I imagine everyone at some point in their life experiences a sad stretch of time in which the food that's available to them on a daily basis is disgusting, a kind of personal culinary dark age that's as formative as it is scarring, a time you look back on later in life and marvel at the resilience of the human body and its ability to survive on little more than bad pizza, alcohol, cigarettes, and coffee. For me, that time was known as college.
One particularly awful day, when what was offered by the dining plan I was compelled to participate in as a condition of living on campus was particularly repulsive—also, I was incredibly hungover—I made my way to our lone campus cafe. The meal plan included a pittance attached to our student IDs, which, to add insult atop the insult and injury of the dining hall's food, could only be used at the cafe. While the food there was bad, too, you could order what you liked à la carte, and the quality was a little better, if only because most of the stuff there came fresh out of a fryer. I stumbled into the empty cafe and ordered a breakfast sandwich and, because I was already treating myself to what passed as a luxury at that time, a hash brown. And then the guy making my sandwich taught me one of those enduring life lessons, the kind that sticks with you into your middle age, the kind that compels you to hoof it over to your local fast food franchise at exactly 10:55 am (on the weekdays) or 11:25 am (on the weekends) so you can enjoy both the breakfast and lunch menu simultaneously.
"You want the hash brown in the sandwich?" he asked.
"Is that allowed?" I responded, stupidly.

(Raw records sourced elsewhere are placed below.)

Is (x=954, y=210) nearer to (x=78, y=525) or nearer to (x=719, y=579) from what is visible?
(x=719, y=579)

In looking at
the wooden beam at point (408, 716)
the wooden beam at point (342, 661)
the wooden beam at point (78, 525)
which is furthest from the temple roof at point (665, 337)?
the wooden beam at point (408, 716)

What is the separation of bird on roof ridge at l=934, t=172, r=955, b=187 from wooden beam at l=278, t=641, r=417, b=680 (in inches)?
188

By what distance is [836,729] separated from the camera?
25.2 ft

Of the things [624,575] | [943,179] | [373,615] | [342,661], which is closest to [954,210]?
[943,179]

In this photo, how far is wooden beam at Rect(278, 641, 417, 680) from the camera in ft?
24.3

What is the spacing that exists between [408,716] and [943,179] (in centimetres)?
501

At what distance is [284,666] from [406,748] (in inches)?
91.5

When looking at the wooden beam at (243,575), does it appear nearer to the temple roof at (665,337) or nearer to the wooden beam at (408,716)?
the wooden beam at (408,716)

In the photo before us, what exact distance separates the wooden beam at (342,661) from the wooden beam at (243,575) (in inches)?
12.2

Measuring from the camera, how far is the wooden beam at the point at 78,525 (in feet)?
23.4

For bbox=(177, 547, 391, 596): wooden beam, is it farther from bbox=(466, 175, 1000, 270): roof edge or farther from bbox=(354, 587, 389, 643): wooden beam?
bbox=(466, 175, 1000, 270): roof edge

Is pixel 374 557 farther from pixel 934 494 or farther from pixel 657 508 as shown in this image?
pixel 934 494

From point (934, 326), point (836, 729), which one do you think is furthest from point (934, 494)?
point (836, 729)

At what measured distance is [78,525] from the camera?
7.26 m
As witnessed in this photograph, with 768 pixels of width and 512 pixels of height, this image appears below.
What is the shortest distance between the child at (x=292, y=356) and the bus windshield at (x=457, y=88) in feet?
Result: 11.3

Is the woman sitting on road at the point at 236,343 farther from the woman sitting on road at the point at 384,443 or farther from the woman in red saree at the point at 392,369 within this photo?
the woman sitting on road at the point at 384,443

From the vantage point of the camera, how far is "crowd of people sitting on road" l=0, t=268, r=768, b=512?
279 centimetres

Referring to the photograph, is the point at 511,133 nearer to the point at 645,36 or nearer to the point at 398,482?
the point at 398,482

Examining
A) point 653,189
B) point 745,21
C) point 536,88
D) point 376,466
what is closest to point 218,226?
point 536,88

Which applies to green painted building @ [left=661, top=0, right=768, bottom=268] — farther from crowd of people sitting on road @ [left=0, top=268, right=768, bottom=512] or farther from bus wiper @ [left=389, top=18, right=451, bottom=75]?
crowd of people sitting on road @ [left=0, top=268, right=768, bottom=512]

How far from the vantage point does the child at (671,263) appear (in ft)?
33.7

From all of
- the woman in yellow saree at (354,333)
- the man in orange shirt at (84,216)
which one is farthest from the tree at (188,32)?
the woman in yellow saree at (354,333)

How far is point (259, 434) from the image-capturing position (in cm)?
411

He chuckled and said it's a specialty in some place that I can't now recall—I alternate between believing it was Pittsburgh or Buffalo—and had some pithy name like the "gridiron" or the "knuckler" (I don't know, I was very hungover). "It's great; every sandwich gets better if you slide a hash brown in it," he said, with a confidence that seemed a little unhinged to me at the time. Except, with respect to that egg sandwich, he was entirely right: the bad Aramark hash brown and the bad Aramark bacon and the substandard Aramark eggs and the completely acceptable Aramark American cheese slice and the bad Aramark bread combined to produce a sandwich that wasn't just edible; it was delicious.

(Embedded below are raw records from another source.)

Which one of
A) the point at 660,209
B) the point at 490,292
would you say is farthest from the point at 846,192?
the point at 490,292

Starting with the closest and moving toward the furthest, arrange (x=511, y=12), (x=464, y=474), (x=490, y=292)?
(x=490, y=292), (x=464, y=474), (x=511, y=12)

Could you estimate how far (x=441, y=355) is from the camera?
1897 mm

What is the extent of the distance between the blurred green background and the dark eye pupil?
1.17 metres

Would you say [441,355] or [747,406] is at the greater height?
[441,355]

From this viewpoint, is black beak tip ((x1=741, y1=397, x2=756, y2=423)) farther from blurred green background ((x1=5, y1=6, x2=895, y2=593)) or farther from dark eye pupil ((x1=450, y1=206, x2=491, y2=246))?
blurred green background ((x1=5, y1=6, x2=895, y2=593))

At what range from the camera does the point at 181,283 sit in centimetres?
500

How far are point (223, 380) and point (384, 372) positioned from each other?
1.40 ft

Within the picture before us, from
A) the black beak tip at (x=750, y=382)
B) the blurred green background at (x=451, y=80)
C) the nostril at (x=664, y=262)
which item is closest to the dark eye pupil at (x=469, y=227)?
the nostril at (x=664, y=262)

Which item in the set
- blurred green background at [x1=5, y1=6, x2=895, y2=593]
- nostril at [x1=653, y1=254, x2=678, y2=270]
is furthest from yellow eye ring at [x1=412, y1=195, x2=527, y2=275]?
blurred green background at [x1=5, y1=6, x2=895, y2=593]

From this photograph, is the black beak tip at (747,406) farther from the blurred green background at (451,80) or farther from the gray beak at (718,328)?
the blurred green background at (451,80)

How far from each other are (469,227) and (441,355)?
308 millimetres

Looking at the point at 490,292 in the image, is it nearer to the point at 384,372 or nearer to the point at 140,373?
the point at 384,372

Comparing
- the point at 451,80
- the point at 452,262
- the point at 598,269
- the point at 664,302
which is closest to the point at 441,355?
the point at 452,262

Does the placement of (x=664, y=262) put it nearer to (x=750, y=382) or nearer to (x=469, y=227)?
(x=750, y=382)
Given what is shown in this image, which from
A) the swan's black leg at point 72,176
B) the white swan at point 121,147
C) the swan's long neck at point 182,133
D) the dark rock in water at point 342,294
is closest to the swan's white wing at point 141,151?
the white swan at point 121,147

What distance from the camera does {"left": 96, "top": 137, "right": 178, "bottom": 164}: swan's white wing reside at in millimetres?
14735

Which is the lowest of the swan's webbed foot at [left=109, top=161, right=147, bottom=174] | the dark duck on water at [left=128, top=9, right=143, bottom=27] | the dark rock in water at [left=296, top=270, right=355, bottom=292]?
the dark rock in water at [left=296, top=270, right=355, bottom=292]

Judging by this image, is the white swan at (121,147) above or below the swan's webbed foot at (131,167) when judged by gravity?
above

However good the combination is, it isn't something I ever make at home, in part because the best potato product for this application is those flat, processed potato bricks that you can't really make at home*, not the hash browns you can make with grated potato on your stovetop. And, as everyone knows, the best version of the manufactured hash brown product that exists in the entire world is the one sold at your local McDonald's from time they open until, frustratingly, some time in the mid-morning.
*Just want to note that while you may think the same thing about that other great manufactured product known as chicken nuggets, "Mc" or otherwise, that isn't true at all: Tim Chin's homemade nuggets are better.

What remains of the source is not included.